Swedish Chef Takes The Cake, and the Prize
STOCKHOLM
On a brisk, late-winter morning, the warm, hearty scent of rich chicken stock wafts through the open door of a tiny kitchen in a central part of Stockholm known as Kungsholmen - King's Isle.
Three hundred years ago, Swedish royalty used to hunt in the woods that were here. Today its narrow, slightly scruffy streets are home to the city's police headquarters, a few tacky shops, and a restaurant named Bon Lloc, Catalonian for "Good Place."
But no matter. Droves of customers are packing the restaurant every night to pass judgment on the culinary works of Mathias Dahlgren, a young Swede who recently earned the title of world's top chef.
By 8:30 a.m., Mr. Dahlgren's starched white chef's jacket is already stained from the morning's work. Since winning this year's coveted Bocuse d'Or, the French gastronomy prize, in January in Lyon, France, Dahlgren has taken to spending all-nighters at his new, lemon sorbet-colored, 40-seat restaurant - cooking in his kitchen, and occasionally sleeping in his office.
"This is no two-star restaurant," he says. "The neighborhood doesn't have the quality for it. [But] I want this restaurant to have a feeling of a classic restaurant."
Some customers go to Bon Lloc (pronounced "Bon Jacques") expecting Dahlgren to serve up the esoteric, high-brow creations that won him his prestigious award: Steamed and Glazed Norwegian Cod Medallions on a Bed of Fried Cod Liver, Cod Tongues and Pilgrim Muscles, with a side of Lobster and Vegetable Ragu.
Nor will customers find the traditional Swedish fare he grew up on - root vegetables, fish, beef, and lots of potatoes. Rather, Dahlgren creates what he calls "modern European food," cuisine often based on Spanish and Italian dishes: Gaelic Fish with Seafood Risotto; Duck with Citrus Salsa and Potato Chips; and Grilled Sole with Spinach and Lemon Polenta, for example.
Dahlgren's major influence came from the years he spent at a small hotel in Ibiza, Spain, where he soaked up the culture, grew his own herbs, and spent two to three hours a day doing the marketing for the restaurant.
"I've always been interested in Mediterranean food.
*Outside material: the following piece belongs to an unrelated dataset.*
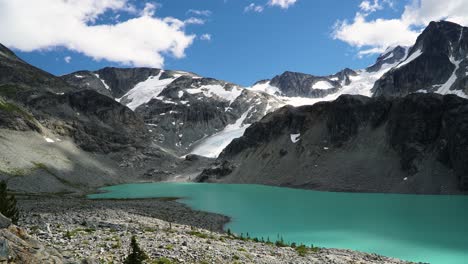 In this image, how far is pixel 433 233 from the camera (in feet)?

I've always liked the simpleness and the rich flavors," Dahlgren says. "There the vegetables taste of the sun; the onions are sweet and have a rich flavor."
So how do you win the coveted competition started by celebrated French chef Paul Bocuse, besting 21 other top chefs from as many countries?
For Dahlgren, it meant a relentless drive to perfect his skills and try innovative combinations. It also meant a decade of increasingly ambitious restaurant gigs, including the posh Sergel Plaza Hotel in Stockholm and opening Fredsgatan (named Sweden's restaurant of the year in 1994) with Bocuse d'Or 1995 silver medalist, Melker Andersson.
"There are a lot of chefs who are as good as I am but maybe I am more stubborn," Dahlgren says, assessing his skills. "If I decide to do something, I try hard to do it."
That's accurate, if perhaps an understatement. Dahlgren spent the better part of a year inventing and testing recipes and perfecting them. His assistant in the competition, chef Nicolas Diamantoglou, took to peeling 45 pounds of carrots a day to gain the speed and dexterity needed to keep the two chefs within the five-hour time limit of the competition.
The rules were: Make one meal for 12 out of a leg of ham, another out of some cod. Garnish each dish with three garnishes and use only one oven.
"There was a journalist who heard that Nicolas peeled nearly 45 pounds of carrots [one day] just to train. And she thought that was so crazy. And I said, 'Why is that crazy?' If that means you peel [about 45 pounds] of carrots Sunday night to win and that's the difference between second or third place or winning, that's nothing."
One and a half months before the competition officials changed the fish from cod to skrei, a specific Norwegian cod that lives very far north in the country. Dahlgren opted for his unusual dish, but based it on classic recipes.
"Maybe two or three weeks a year, all the skrei come to northern Norway to spawn. So then [the Norwegians] eat this [fish] with the liver, with the tongue - everything. It's a tradition."
To those who know Dahlgren, it's no surprise that he won the award after which one chef said, "There is no more to win."
Ten years ago, Dahlgren competed with his class from cooking school in a contest in Norway. Before his class won, his teacher hovered over the students until Dahlgren finally told him to sit down and stop worrying.
"He knew exactly what to do. He was very ambitious," recalls Dieter Knobloch, a teacher of Dahlgren's at the Vstra Gymnasiet Restaurang cooking school in Umea, Sweden.
These days, Dahlgren's life is about growing into the very big shoes that accompany the foot-long Bocuse d'Or sculpture of golden forks that is displayed in his restaurant: There are opportunities that come with notoriety. But there is also an endless stream of those ready to sample his cooking.